Forget the political situation now. People won’t start seriously paying attention to politics for a year. Anything can change in a year. In 2004, President Bush had just creamed John Kerry. The next year, President Bush couldn’t get elected dog-catcher after bungling just about every major political issue. Politics is always fluid.
Are the Democrats better positioned right now? It’s a virtual certainty. The Republicans are poised to lose seats in the Senate if the election were this year. The House could see more GOP losses. As Bob Novak has been reporting, the GOP’s mood is anything but sunny.
However, a year in politics might as well be an eternity.
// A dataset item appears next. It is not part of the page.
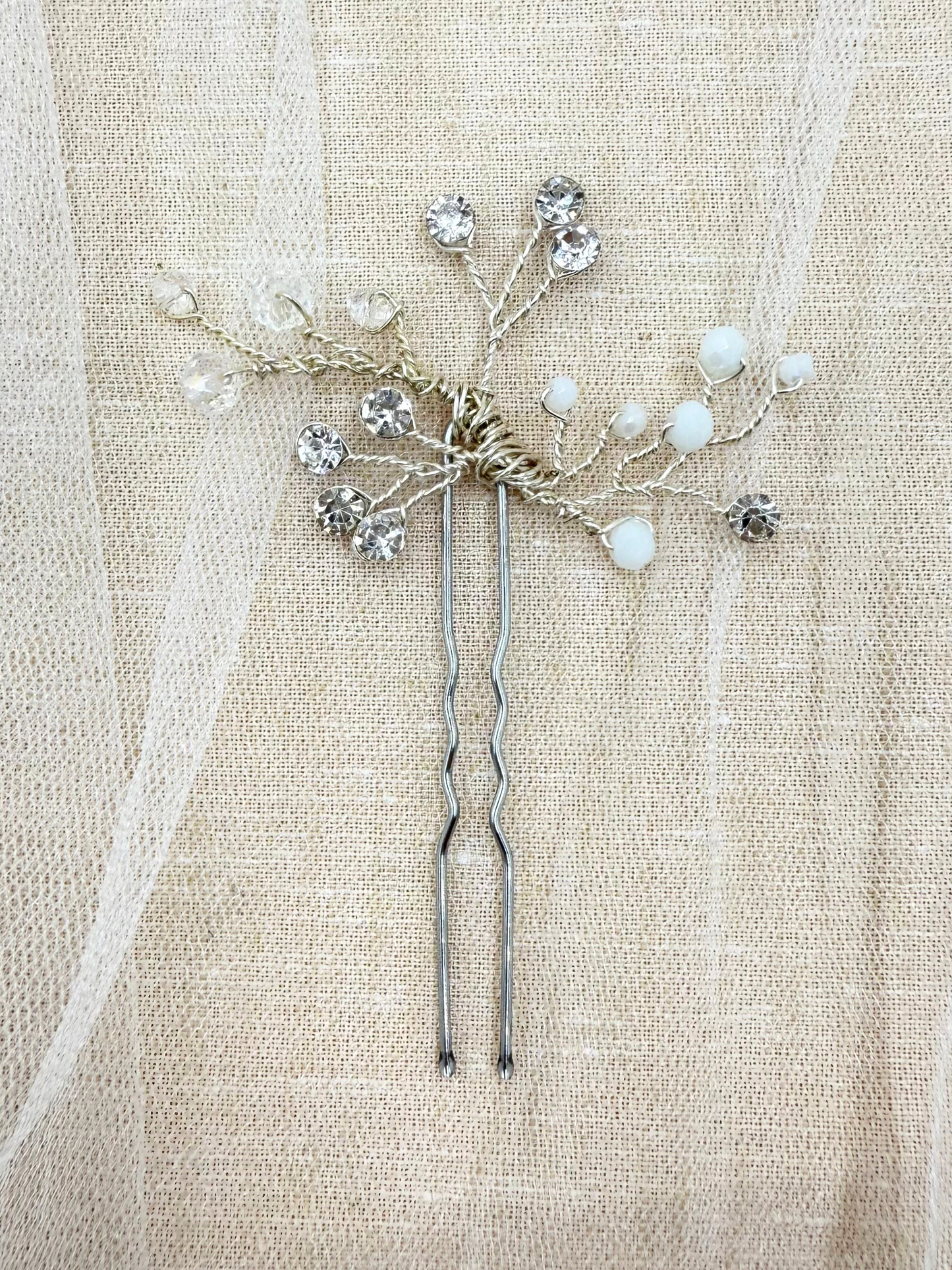 Hair Pin Cristal Varios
The Democrats have an astonishing ability to snatch defeat from the jaws of victory. The approval ratings for Congress remain at the same lows that swept the GOP out of power. The likeliest Democratic nominee is Hillary Clinton, whose commanding leads in the polls put her in unquestioned front-runner status. Yet even the Democrats have their doubts about Hillary. The Catch-22 they face is that the other candidates aren’t any better — Barack Obama has personality, strong oratory, and almost no experience. John Edwards is as much of a phony as John Edward and his “Two Americas” schtick doesn’t work when it’s quite clear he lives in the America with the palatial mansions. The rest of the field has no chance — Joe Biden and Bill Richardson at least have some policy credentials, but no traction in the polls. Could Hillary lose the nomination? Certainly. Does it ultimately help the Democrats? Not so much.
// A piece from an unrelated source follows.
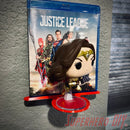 Wall-Mount Combo Shelf for Blu-rays, Games, Comics & Collectible Figures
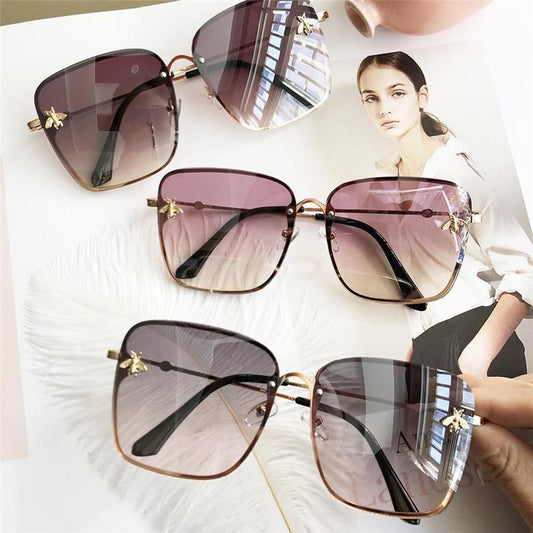 Oversize Square Sunglasses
The Democrats are playing to the base, but that doesn’t win elections. On the other hand, the Republicans have a problem with their base, but they’re fielding candidates who could actually capture the center. Rudy Giuliani is about as well positioned as a candidate could be. He’s moderate on social issues, has the leadership skills that Bush has been lacking, and is an anti-corruption candidate in a time when government corruption is the #1 issue. The same can be said of Fred Thompson. Even the second-tier candidates have appeal: John McCain’s anti-pork stance has resonance. Mitt Romney knows how to work a room and has strong executive credentials. The GOP field hasn’t set the base on fire, but has a much better chance of gaining traction with the general electorate than the Democrats.
It could be quite possible that a new crop of strong GOP candidates emerge in the House and Senate and get the aid of a strong GOP candidate’s coattails. It could be that the GOP finally gets its act together and realizes that if they run on a campaign of cutting government waste, fighting corruption, and strong national defense, 2008 can be a much better election for the Republicans than they realize. The Democrats are already doing whatever they can to squander their advantage.
The Democrats shouldn’t be counting their chickens before they hatch, nor should the Republicans give in to despair. A year is a long time in politics, and anything can change. 2008 could be a Democratic sweep, but that is not assured — the Republicans can rediscover their principles and start making a strong stand for their values. The Democrats are running against a man who will not be running for office again, and their message is relentlessly negative. The GOP can win — indeed, they should win. The real question is whether the GOP will stand and fight. If they do, the dynamics of the 2008 race could be very different from where they stand now.